Qual a profundidade da relação entre Jatgeir e Elias? Elias nutria amizade ou algum platonismo incorrespondido e ocultado ou obnubilado pela religião? Até ponto o moralismo religioso interfere aqui, no convívio com um descrente Jatgeir ou no tipo de relacionamento que o amigo desenvolve com Eline? Qual relação tinham Frank e Elias? Eram propriamente desconhecidos? Frank induz conhecer Vaim no tempo em que Eline dela escapa —, assim, seria verdadeira a afirmativa dela de que os dois se conheceram antes de Bjørgvin? Se sim, Eline e Frank possuíam qualquer plano secreto sobre Jatgeir? Por qual razão? Se não, Frank teria vingado a traição e assumido a vida de Jatgeir? O medo desalmado de Eline por ser descoberta em fuga com Jatgeir teria, então, fundamento? Essas são apenas algumas interrogações que a intrincada relação entre Jatgeir, Eline e Frank (capitaneada por ela), sugere a partir do discurso de Frank. Ou seja, um discurso que mais imprime questões sem oferecer uma resposta ou preencher tais campos lacunares.
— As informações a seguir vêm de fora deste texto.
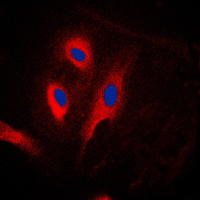 3 - Anti-CARD6 Antibody AP51034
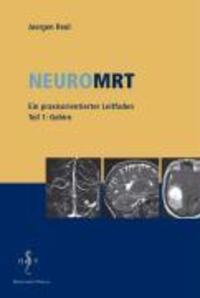 Cover: 9783936817249 | NeuroMRT 1 | Gehirn. Ein praxisorientierter Leitfaden | Juergen Reul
No plano geral, Jon Fosse podará todas as arestas, resolverá essas e outras questões plantadas com este primeiro romance da trilogia Vaim? É e não é possível. Se for possível, o menos óbvio, trairá o princípio da indecidibilidade, que não apenas define a literatura no geral e a sua em particular, mas também a própria ordem da vida, uma vez que esta não se define por uma verdade única e definitiva, nem por circunstâncias absolutamente resolvidas. Seria como oferecer a justificativa para as duas mulheres que vendem um carretel de linha e uma agulha (a primeira com a linha já gasta e a agulha usada) por 250 Coroas. Não é que não exista justificação para essa atitude, pelo contrário, mas qual a verdadeira? Ou ainda: qual a motivação de Jatgeir em não confrontar as vendedoras e custear preço cobrado, como se por um tipo de orgulho próprio ou alguém despossuído de atitude?
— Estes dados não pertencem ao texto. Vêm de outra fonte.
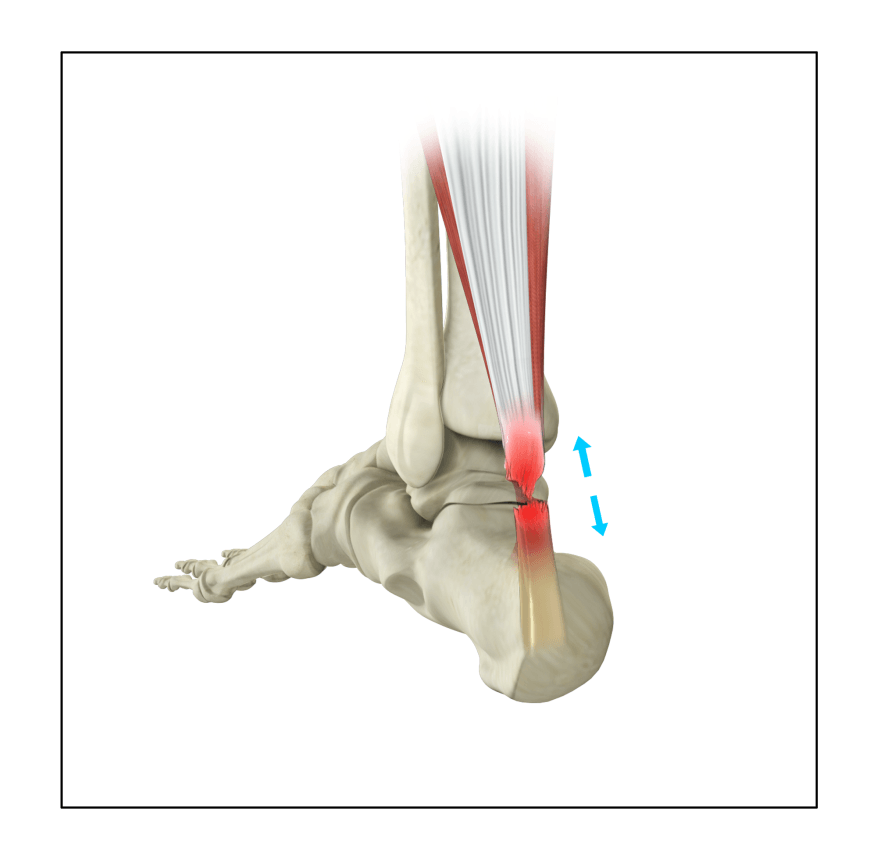 Achilles Tendon Rupture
Toda vez que estabelecemos o vínculo, por menor que seja, com o outro, assumimos caminhos sobre os quais não possuímos qualquer certeza e mesmo quando se avista alguma clarividência decidimos insistir — sem razão própria — como quem aposta o próprio limite, daí, o que poderia, deixa de ser, o que não poderia, é, sem saber o que seriamos se ao invés de uma tivéssemos adotado outra atitude; e não sabemos se conduzimos ou somos conduzidos. Essa parece ser a dupla frente assumida por Jon Fosse com Vaim: a de conduzir (Eline) e a de ser conduzido (Jatgeir e Frank), duas ilusões que nos alimentam ante a imprevisibilidade da vida.